# Wall of Medals



## BettaGuy (May 6, 2012)

Hello everyone,
I just thought I'd share my wall of medals. 








They are mostly waterpolo medals from provincials, small tournaments, and one from nationals. Then there is some school awards as well, and one handball medal from when I still lived in germany. Anyone else have any medals they want to share a picture of? Can be anything like military, sports, educational etc. Please share some pictures


----------



## lohachata (Jan 27, 2006)

i used to have a bunch of ribbons and trophies from fish and aquarium competitions back in the 70's but they got lost when i moved....
the only other one i have is for "dumbest fishkeeper in america"......but i keep it hidden away......don't want the whole world knowing...lol


----------



## emc7 (Jul 23, 2005)

I have some ACA medals and even a plaque. There are more ribbons and plaques from ages ago in a box in the storage unit (maybe)


----------



## Cory1990 (Jun 14, 2012)

I used to run the 100m dash and 50m dash and some shot put as well for track. I did track from grades 6th to 11th before I started hanging with the wrong crowd. I got a few trophys and I think my best was national 5th place shot put grade 8 ( couldn't have been more happy that was my first year in shotput) iv had 2 best in states for 50m and tons of small local meets and small trophies. 

Iv got them somewhere packed with the rest of my childhood at my moms house. 
Hold onto it and show your children what you can achieve.

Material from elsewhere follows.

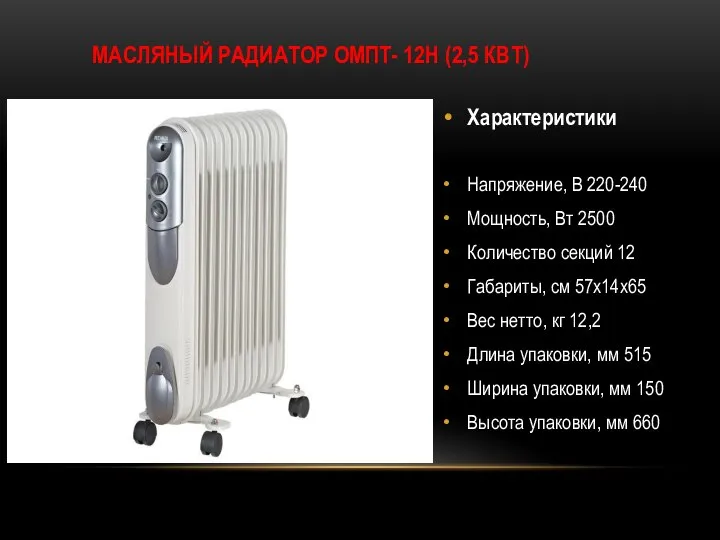 МАСЛЯНЫЙ РАДИАТОР ОМПТ- 12Н (2,5 КВТ) Характеристики Напряжение, В 220-240 Мощность,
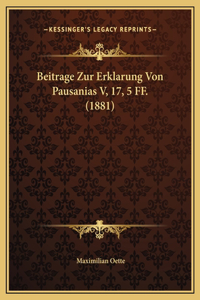 Beitrage Zur Erklarung Von Pausanias V, 17, 5 FF. (1881)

John I'm sorry you got the dumbest fish keeper award. Most likely because you guys were peeing in your fish tanks back then lol just kidding. But I did have to say that sorry


----------



## BettaGuy (May 6, 2012)

> John I'm sorry you got the dumbest fish keeper award. Most likely because you guys were peeing in your fish tanks back then


lol I remeber that thread  Thats pretty cool guys, puts my collection to shame


----------